Supplied data:
--- --- ---
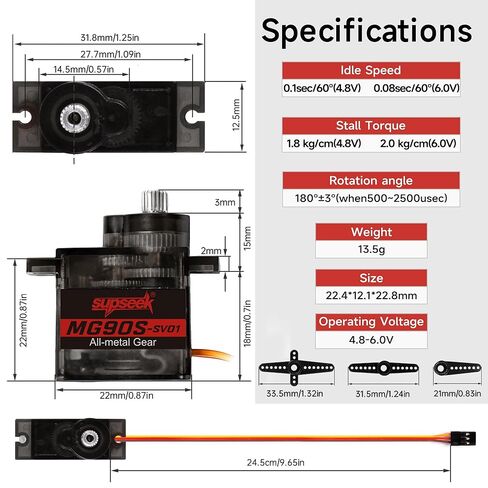 MG90S 9g Micro Servo Motor Kit - Metal Gear, 2.0 kg-cm High Torque, 0.08 s/60 deg, 180 Degree Mini Servo for RC Planes, Arduino Projects, Robotics (10 pcs) in Saudi Arabia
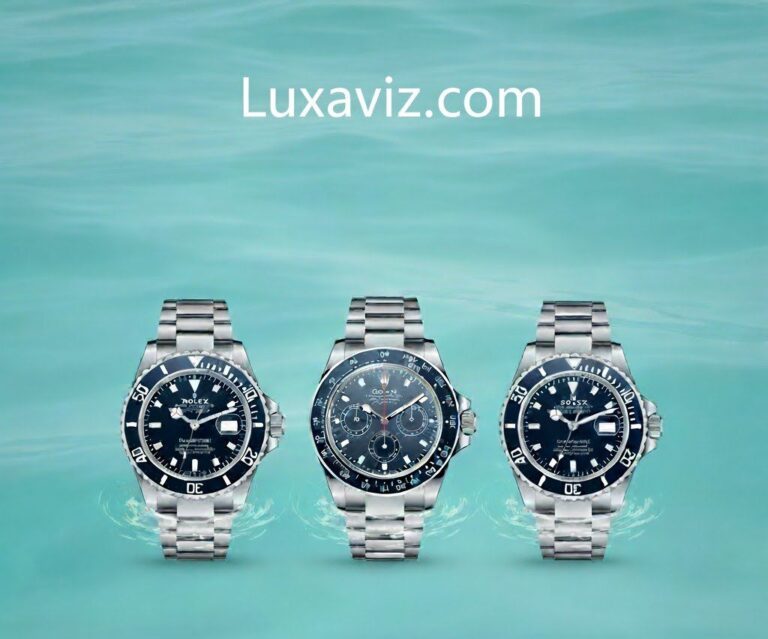 سه ساعت رولکس ساب‌مارینر و دیتونا در پس‌زمینه آبی.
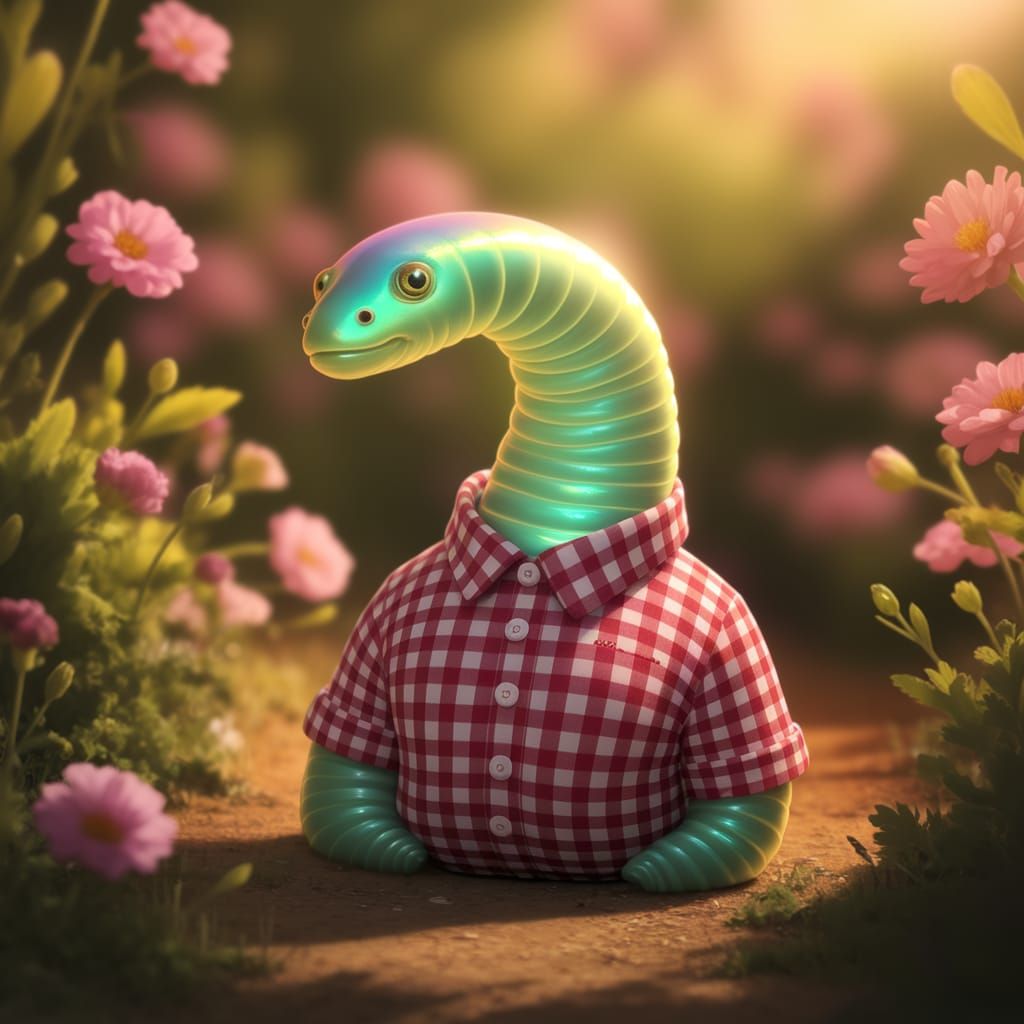 Magical Worm in Whimsical Garden Scene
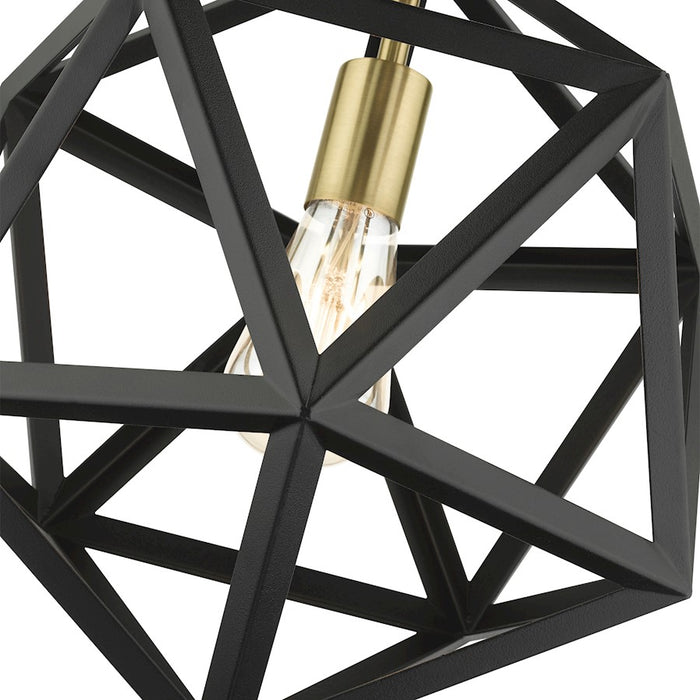 Livex Geometric 1 Light Pendant, Textured Black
--- --- ---
Exercise details: Output the full listing verbatim; pictures stay out.

Answer space:
 MG90S 9g Micro Servo Motor Kit - Metal Gear, 2.0 kg-cm High Torque, 0.08 s/60 deg, 180 Degree Mini Servo for RC Planes, Arduino Projects, Robotics (10 pcs) in Saudi Arabia
 سه ساعت رولکس ساب‌مارینر و دیتونا در پس‌زمینه آبی.
 Magical Worm in Whimsical Garden Scene
 Livex Geometric 1 Light Pendant, Textured Black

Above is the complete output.